The scholars have stated
that gheebah is permitted in certain situations:
1-
Complaining. It is
permissible for the one who has been wronged to complain to the ruler or
judge and others who have the authority or ability to settle the score with
the one who wronged him.
2-
Seeking help to change evil
and bring the sinner back to the right path, so he may say to the one who he
hopes is able to do something: “So and so is doing such and such; tell him
not to do it.”
3-
Seeking advice or a fatwa,
by saying to the mufti, “So and so/my father/my brother has wronged me by
doing such and such, does he have the right to do that? How can I solve this
problem and ward off his harm from me?”
4-
Warning the Muslims of
someone’s evil, such as highlighting the weakness of some reporters or
witnesses or authors. That also includes seeing someone buying faulty goods,
or someone keeping company with one who is a thief or adulterer, or giving a
female relative of his to such a man in marriage, and the like.

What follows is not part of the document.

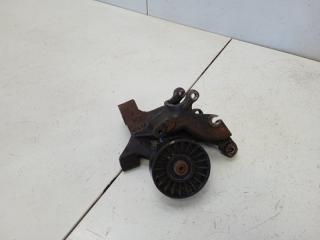 Запчасть кронштейн генератора Iran Khodro Samand 2007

You should
tell them about that by way of sincere advice, not with the aim of causing
harm and spreading mischief.
5-
If a person openly commits
evil or follows bid’ah, such as drinking alcohol and seizing people’s wealth
unlawfully, it is permissible to speak of what he is doing openly, but it is
not permissible to speak against him any other way, unless it is for another
reason.
6-
For identification, if
someone is known by a nickname such as the dim-sighted one, or the blind man
or the one-eyed or the lame one, it is permissible to identify him as such,
but it is haraam to mention that by way of belittling him, and if it is
possible to identify him in some other way, that is better.
It says in Fataawa
al-Lajnah al-Daa’imah li’l-Ifta (26/20): Speaking about a person in his
absence is permissible in certain situations as indicated by shar’i
evidence, if there is a need for that, such as if someone consults you about
arranging a marriage to him, or entering into a business partnership with
him, or if someone complains to the authorities to put a stop to his
wrongdoing. In that case there is nothing wrong with saying things about him
that he may not like to be said, because there is an interest to be served
by that. One of the scholars summed up in two lines of poetry the situations
in which it is permissible to talk about a person in his absence, and said:
Criticizing is not gheebah
in six (cases) – complaining, identifying, warning,
When the person is
committing evil openly, when advice is sought, and when one is asking for
help in removing an evil.
End quote.
And Allaah knows best.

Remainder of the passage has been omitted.